_LISTED ENTRIES_
□ □ □

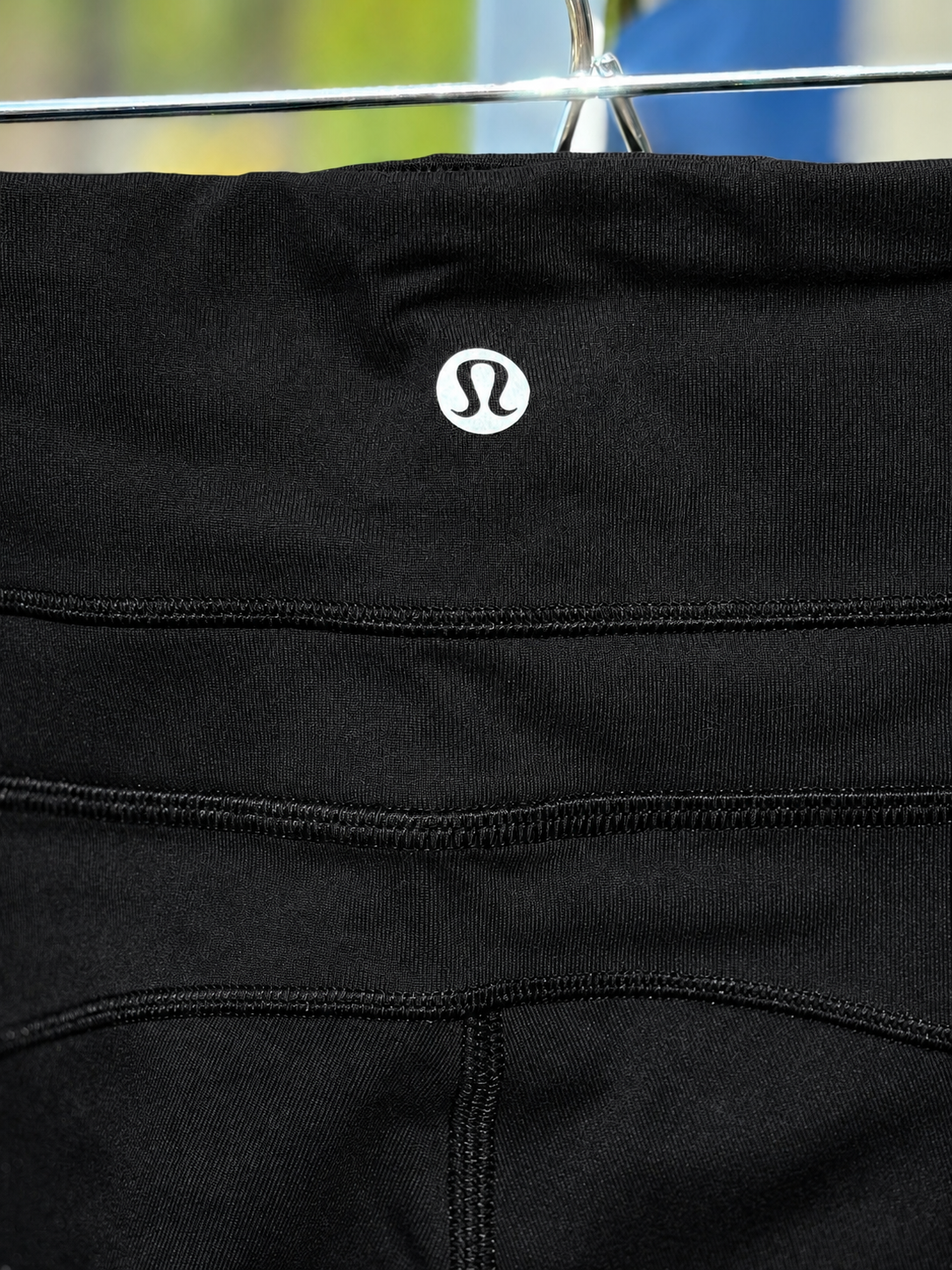 Women’s Lululemon full-length black Luon pants with supportive four-way stretch and a 32-inch inseam in size 8.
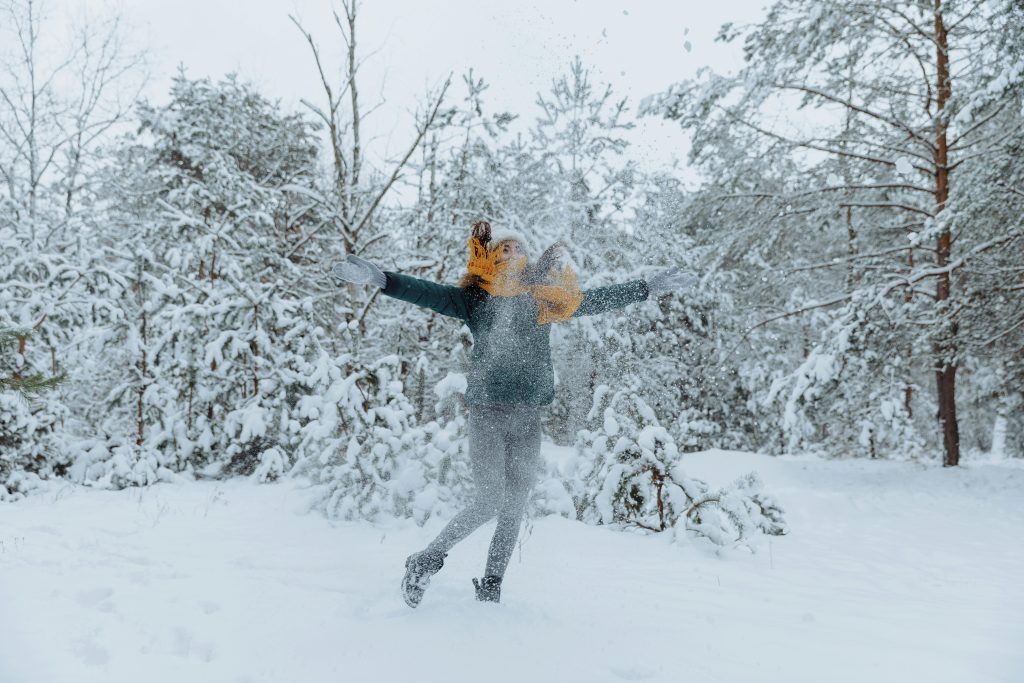 Person joyfully throwing snow in the air in a snow-covered forest, embodying the theme of winter blues.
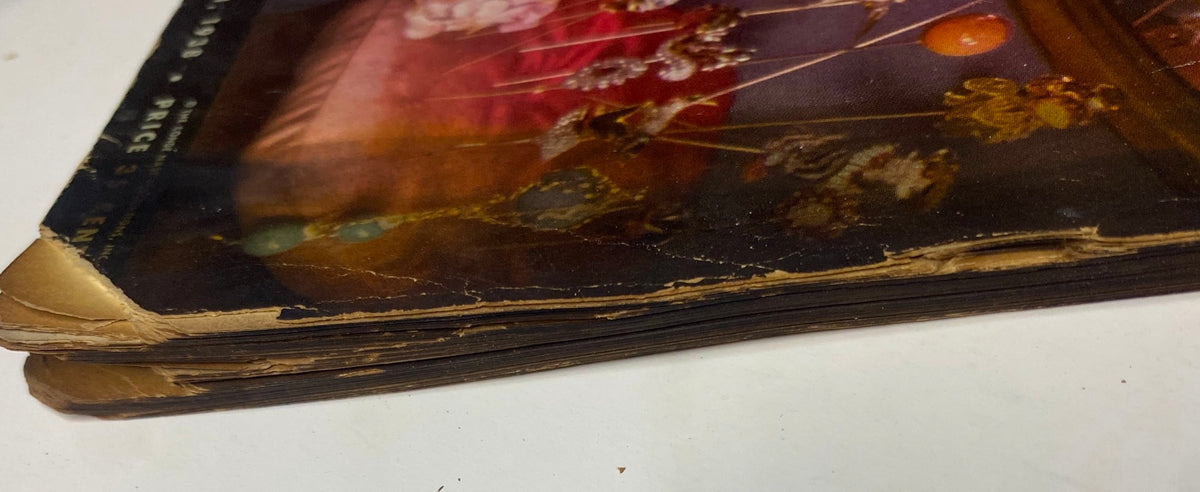 Detailed view of the vintage Vogue Magazine May 1, 1938 Cover by Anton Bruehl from a unique angle, showcasing the aged edges and spine.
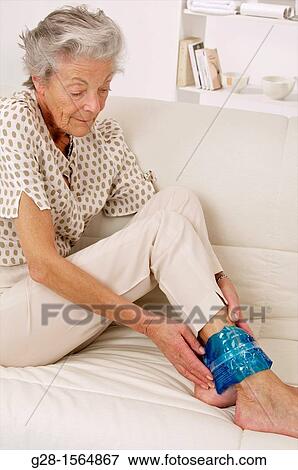 Senior woman applying a cold or hot gel compress on her ankle to soothe pain View Large Photo Image Stock Photo - Senior woman applying a cold or hot gel compress on her ankle to soothe pain. Fotosearch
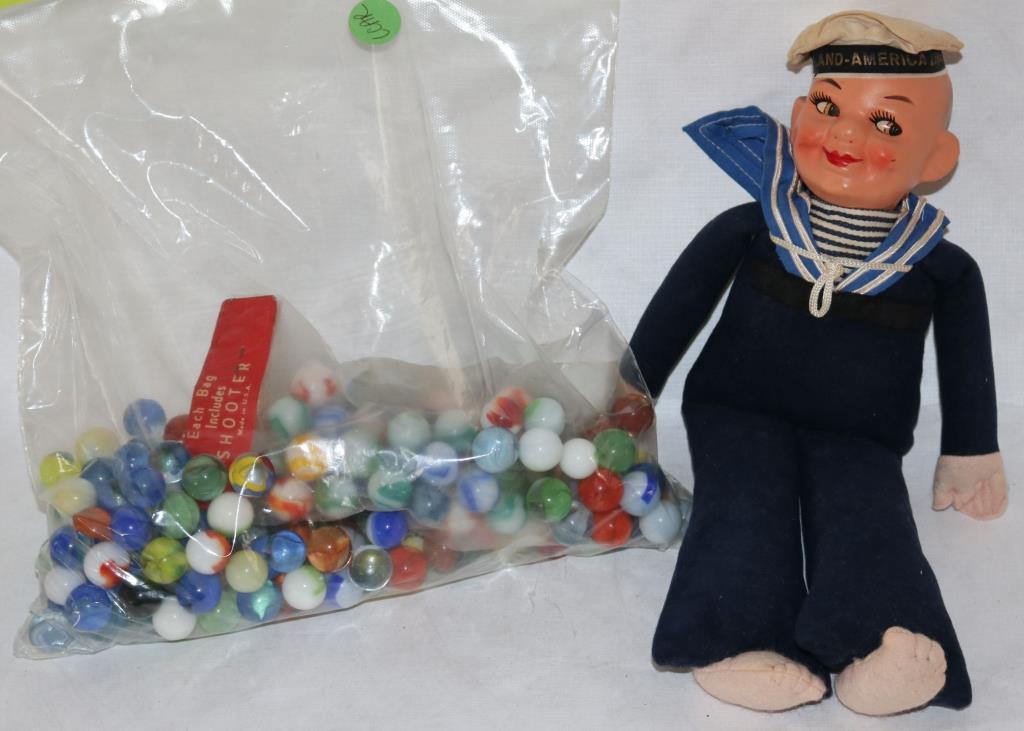 SAILOR DOLL, 11" H TOGETHER WITH BAG OF MARBLES: SEE PHOTO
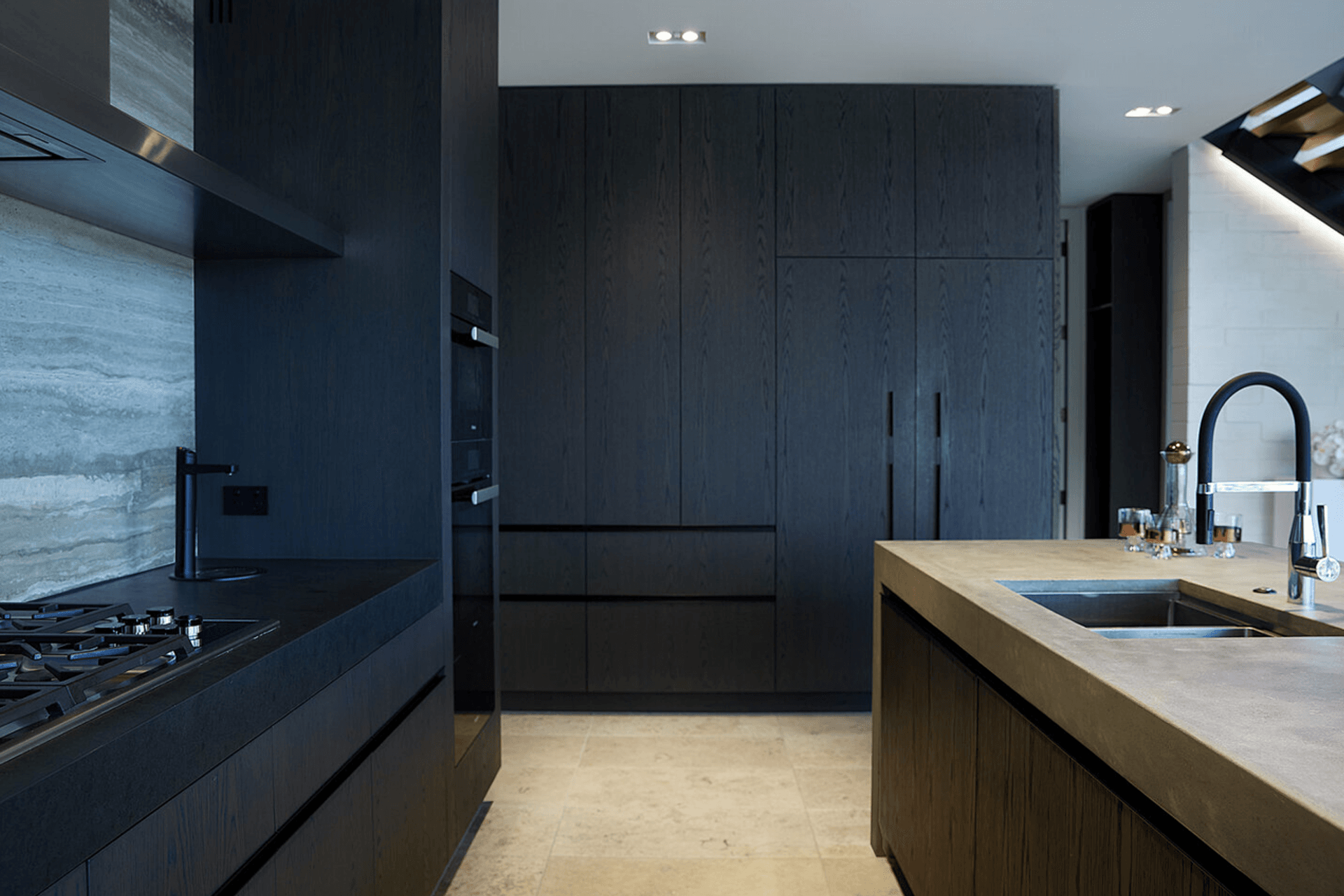 The dark kitchen cabinetry juxtaposes against the sandy-coloured floor and concrete island.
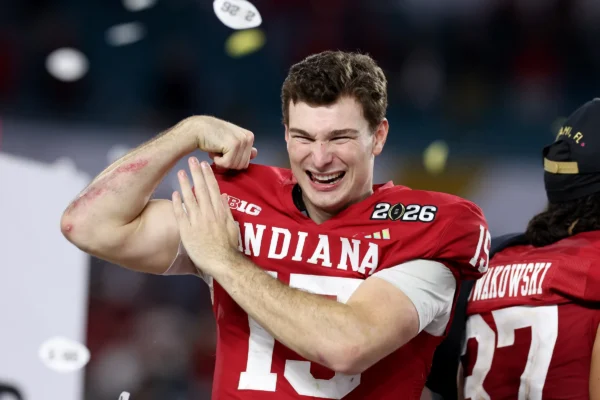 Indiana football player celebrating a win, flexing arm with a big grin on his face amid confetti.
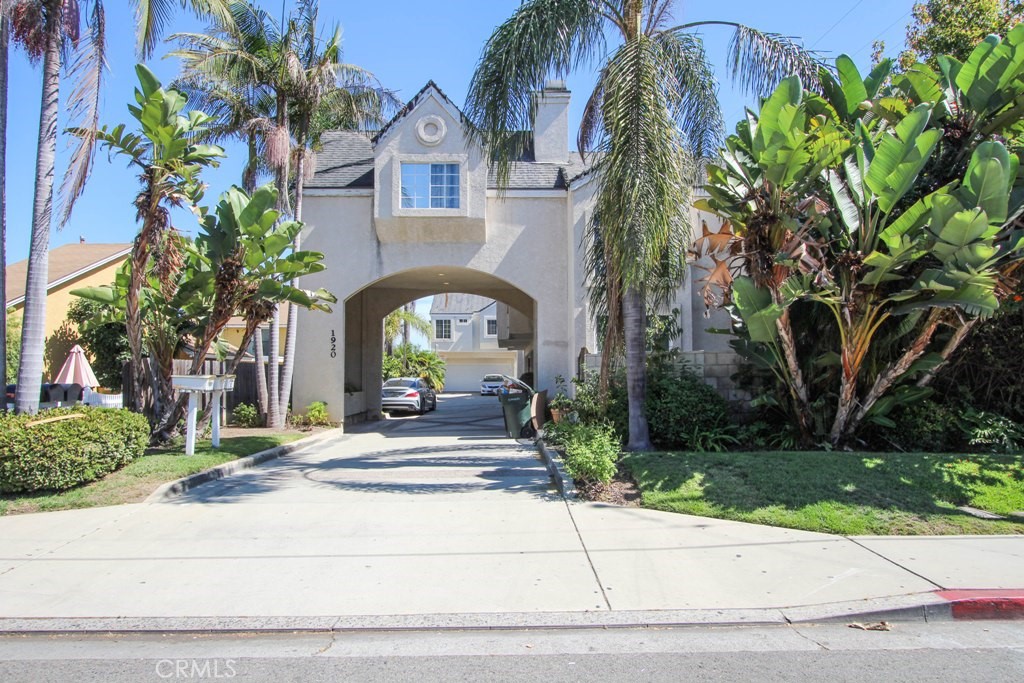 1920 Maple Avenue, Unit A Costa Mesa, CA 92627 - Photo 2 of 35 a front view of a house with a garden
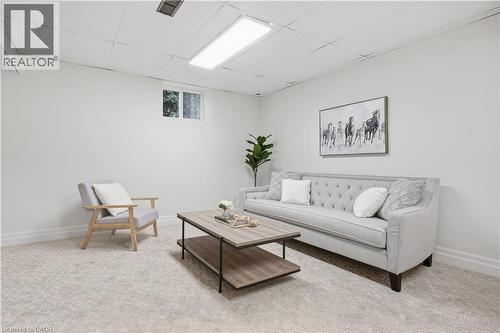 Recessed lighting, light-toned carpeting, and a window for natural illumination - 4159 Spruce Avenue, Burlington, ON 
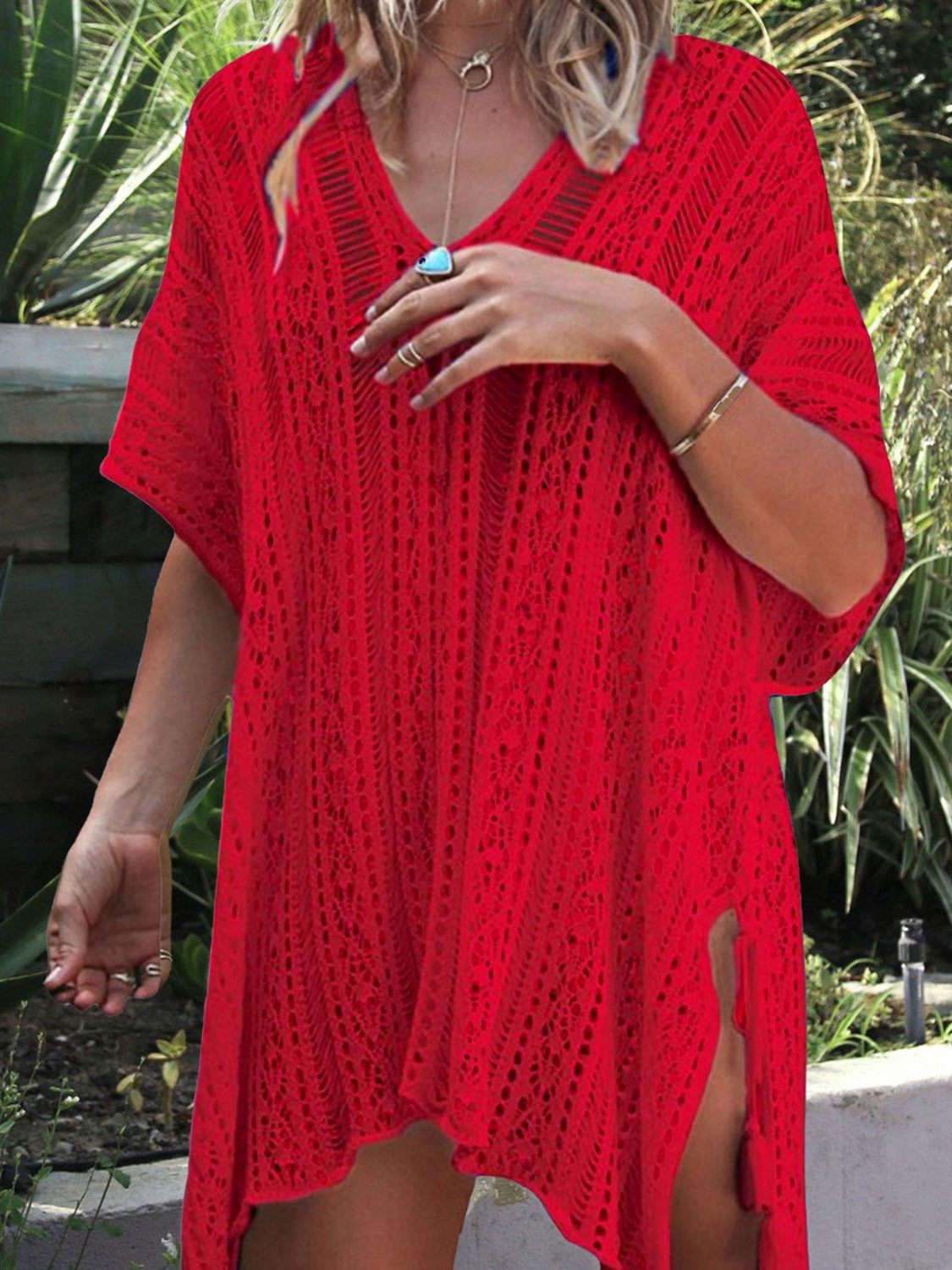 Red open-knit V-neck beach cover-up with side slits and short sleeves.
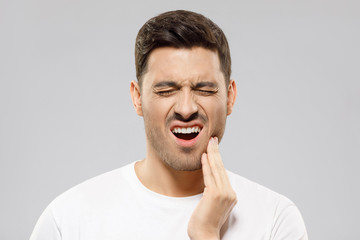 Fototapeta premium Toothache concept. Young man touching his chin and closing eyes with expression of suffer from tooth ache, isolated on gray background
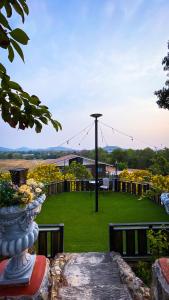 a view of a yard with a field of flowers at Baan Bonkao Resort Sattahip in Ban Khlot +37 photos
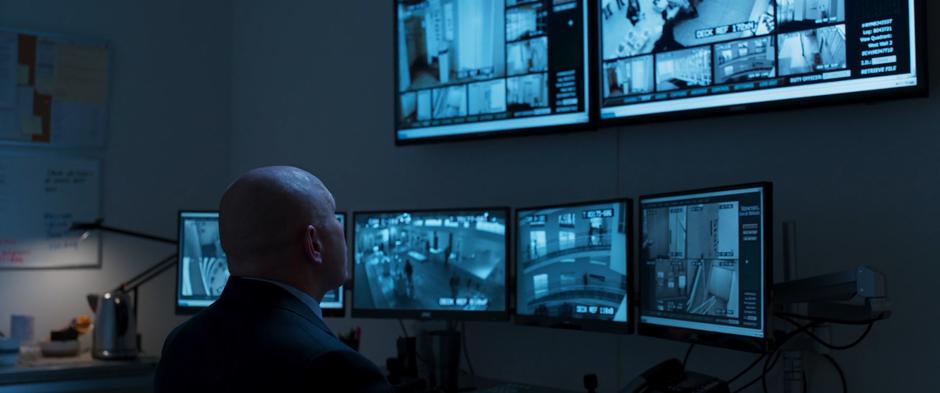 A security guard watches the looped camera feeds.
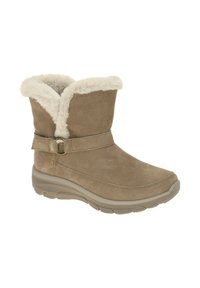 Bruine suède enkelboots met een nepbontvoering, verstelbare banddetails en een dikke rubberen zool voor comfort en grip.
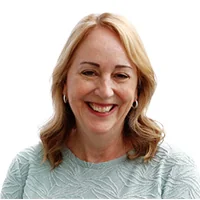 Professional headshot of a smiling woman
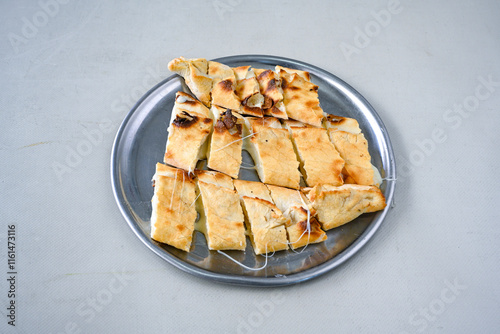 Kiymali pide. Turkish pide with minced meat. Turkish pizza mince pita Pide on white background. Etli ekmek. Kusbasi kasarli, kiymali kasarli, kiymali yumurtali, Bafra, Trabzon, Kusbasili pide. photo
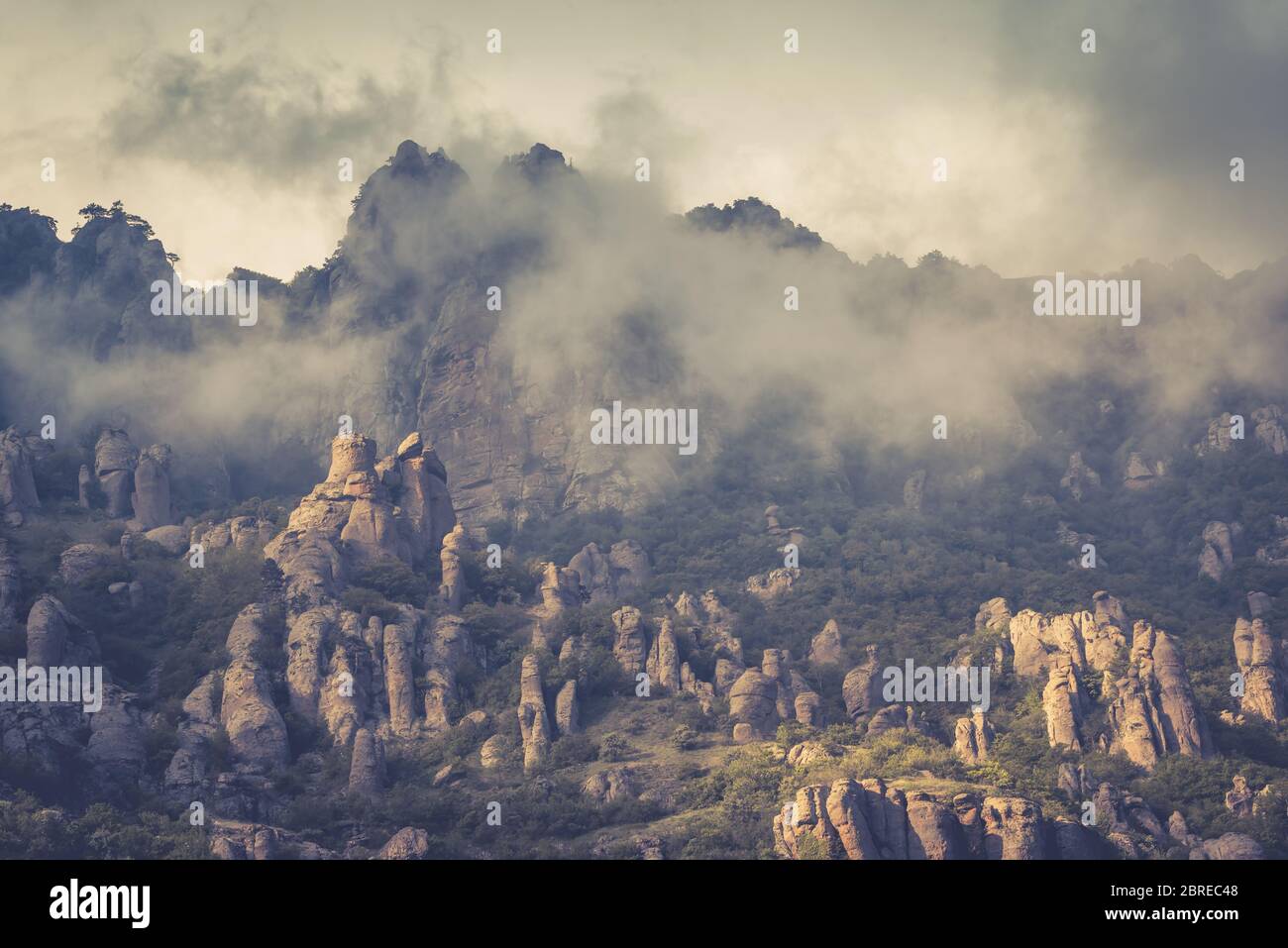 The Demerdji mountain with low lying clouds, Crimea, Russia. Valley of Ghosts. Stock Photo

□ □ □

_EXERCISE BRIEF_
Everything above from the line containing "Red open-knit V-neck" down to the line containing "Professional headshot of a smiling woman" is to be duplicated exactly, both lines included, and the pictures are to be omitted.

_SOLUTION TO THIS PROBLEM_
 Red open-knit V-neck beach cover-up with side slits and short sleeves.
 Fototapeta premium Toothache concept. Young man touching his chin and closing eyes with expression of suffer from tooth ache, isolated on gray background
 a view of a yard with a field of flowers at Baan Bonkao Resort Sattahip in Ban Khlot +37 photos
 A security guard watches the looped camera feeds.
 Bruine suède enkelboots met een nepbontvoering, verstelbare banddetails en een dikke rubberen zool voor comfort en grip.
 Professional headshot of a smiling woman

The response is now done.